**Work task**:
Reproduce the records below exactly, leaving out any pictures.

————————

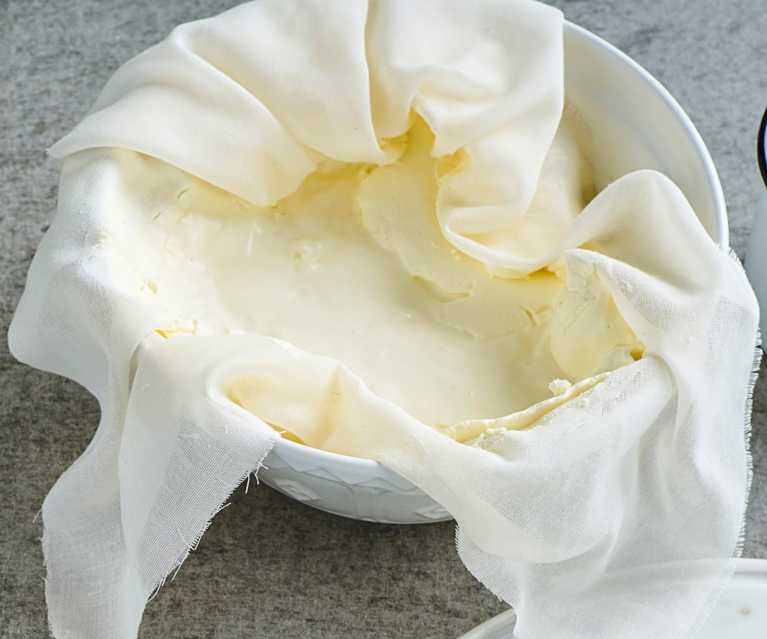 Queijo mascarpone - TM5 Queijo mascarpone - TM5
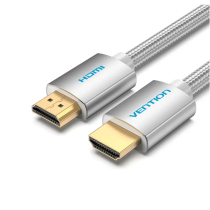 VENTION HDMI-Kabel 8K Silber (3m)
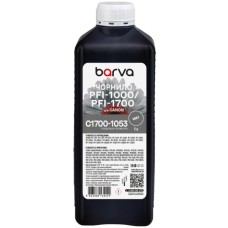 Чорнило Barva Canon PFI-1000/PFI-1700 1 л, special, pigmented gray (C1700-1053)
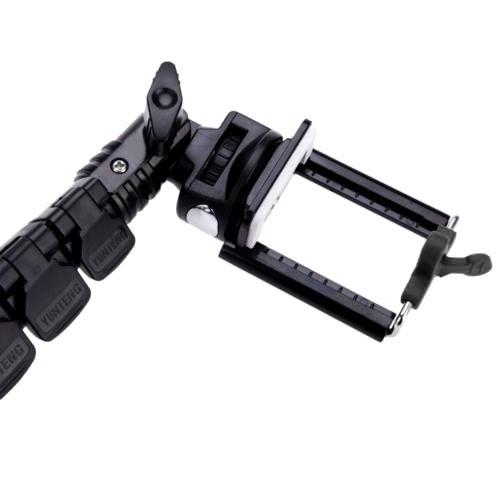 Монопод YunTeng YT-1288 Bluetooth - фото 3 Монопод YunTeng YT-1288 Bluetooth - фото 3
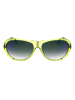 Guess Herren-Sonnenbrille in Gelb/ Grau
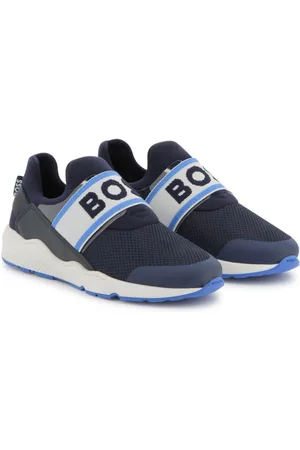 HUGO BOSS Sneakers mit Logo-Streifen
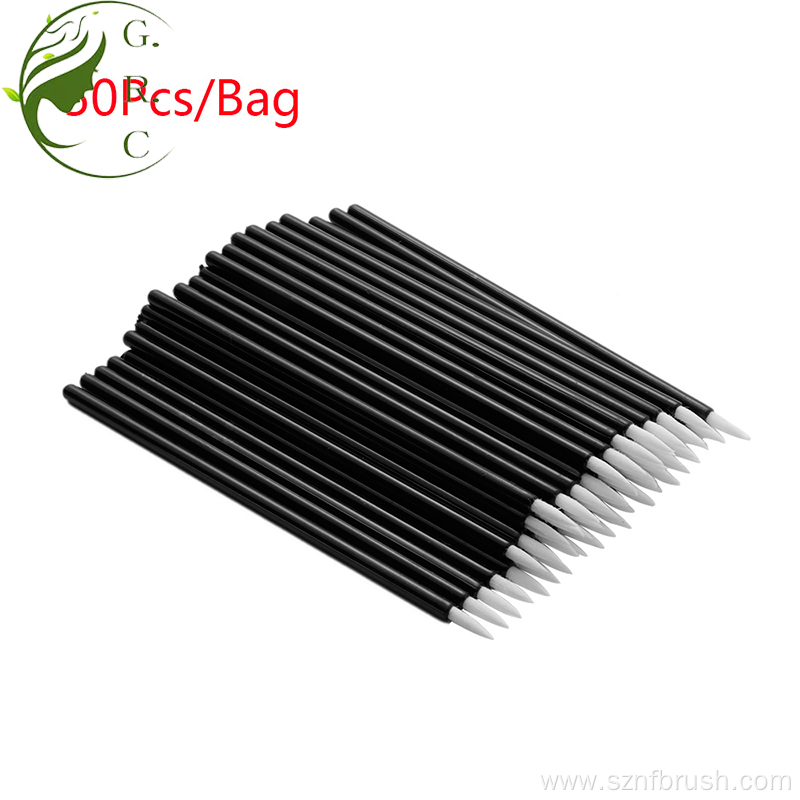 Best Disposable Small Tiny Eyeliner Brush Makeup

————————

**Task answer**:
 Queijo mascarpone - TM5 Queijo mascarpone - TM5
 VENTION HDMI-Kabel 8K Silber (3m)
 Чорнило Barva Canon PFI-1000/PFI-1700 1 л, special, pigmented gray (C1700-1053)
 Монопод YunTeng YT-1288 Bluetooth - фото 3 Монопод YunTeng YT-1288 Bluetooth - фото 3
 Guess Herren-Sonnenbrille in Gelb/ Grau
 HUGO BOSS Sneakers mit Logo-Streifen
 Best Disposable Small Tiny Eyeliner Brush Makeup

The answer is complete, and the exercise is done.